Each line of the listing, apart from the pictures, is to be printed exactly.

(EXERCISE DATA begins)

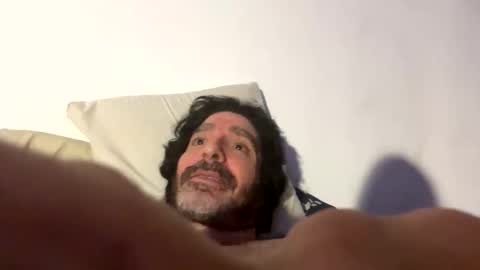 Snapshot of beautifukk chatting on November 27, 2025, 2:02 am beautifukk online show from November 27, 2025, 2:02 am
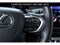 2024 Lexus GX 550 Luxury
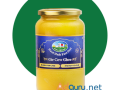 grace-of-cows-a2-ghee-in-mumbai-your-source-for-premium-nutrient-rich-ghee-small-0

(EXERCISE DATA ends)

• ANSWER SPACE
 Snapshot of beautifukk chatting on November 27, 2025, 2:02 am beautifukk online show from November 27, 2025, 2:02 am
 2024 Lexus GX 550 Luxury
 grace-of-cows-a2-ghee-in-mumbai-your-source-for-premium-nutrient-rich-ghee-small-0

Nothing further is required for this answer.